They knocked on the door and a little girl answered. Nick took out his identification.

“Hi,” he said. “My name is Nicholas Memphis and I’m a special agent of the Federal Bureau of Investigation. May I see your daddy, please, honey?”

She ducked in and in a few seconds a grave, thin man in a cardigan appeared.

“Yes?” he asked, running a hand through his hair.

“Mr. Porter, I’m Nicholas Memphis, special agent of the Federal Bureau of Investigation. My associate, Special Agent Fencl.”

“Sir,” nodded Bob.

“Have I—”

“No, no, sir,” said Nick fast. “But if our information is correct, it’s from this address that you edit and collate and send out
Accuracy Shooting
, the newsletter of benchrest shooting?”

Porter swallowed.

“Uh, yes, that’s correct. I’m an insurance executive but I’ve been benchresting fifteen years. I inherited the editorship ten years ago.

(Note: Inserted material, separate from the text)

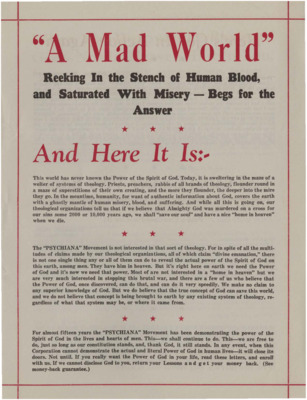 A flyer discussing the truth of Psychiana, the brutality of the world, the failures of orthodox religions, and people healed by Psychiana.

A labor of love, really. I lose time and money on it. But I’ve gotten some good friends out of it and had lots of fun.”

“Yes, sir. We understand.”

“Mr. Porter,” said Bob, “we’re looking for a man who may be involved in several shootings.”

“Oh, God—” said Porter.

“And our information suggests that he was at one time one of the leading benchresters in the country.”

“Oh, no,” said Porter. “Benchresters aren’t like that. We’re not talking about, you know, survivalists, AK-47’s, that sort of thing. These are just tinkerers who love to play with their completely useless rifles and loads and shoot tiny groups. Gosh, they just sit there and shoot and cuss, that’s all. It’s the most boring thing you ever saw. It’s enormously challenging to do, but to watch it it’s—”

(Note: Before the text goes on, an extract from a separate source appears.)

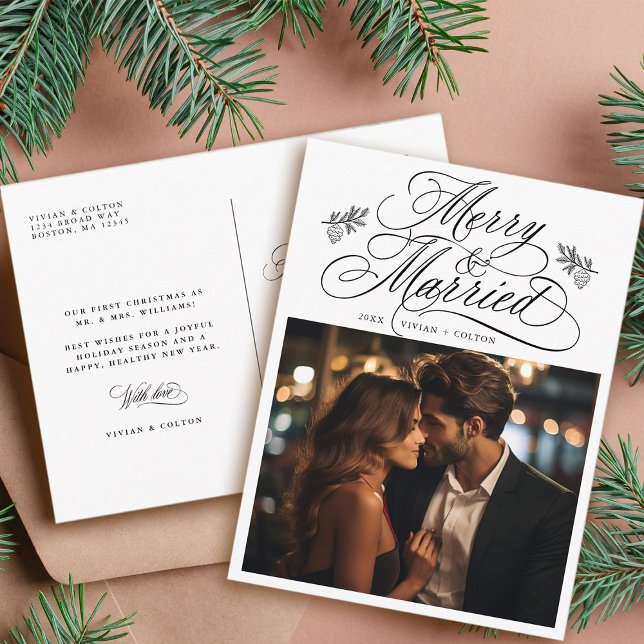 Postal Primera foto de navidad con recién casados (Front & Back)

“Our information is pretty good, Mr. Porter. You know, there’s always one or two in any group who can give it a bad name.”

“God, it’s so
harmless
,” Porter said. “I’d hate to have
the damn newspapers to get ahold of something like this and say, you know, that benchresting was training for sniping or some such—”

“Mr. Porter, the last thing we’d ever do is talk to the press, you can be sure of that. What we’d like to do is examine your subscription list. This is an older man, he was active in benchrest shooting back in the late fifties, and we believe that if he’s a subscriber, he’d almost certainly have been one for a long time. As we understand it, the publication began as a shooting club newsletter right back in the early sixties?”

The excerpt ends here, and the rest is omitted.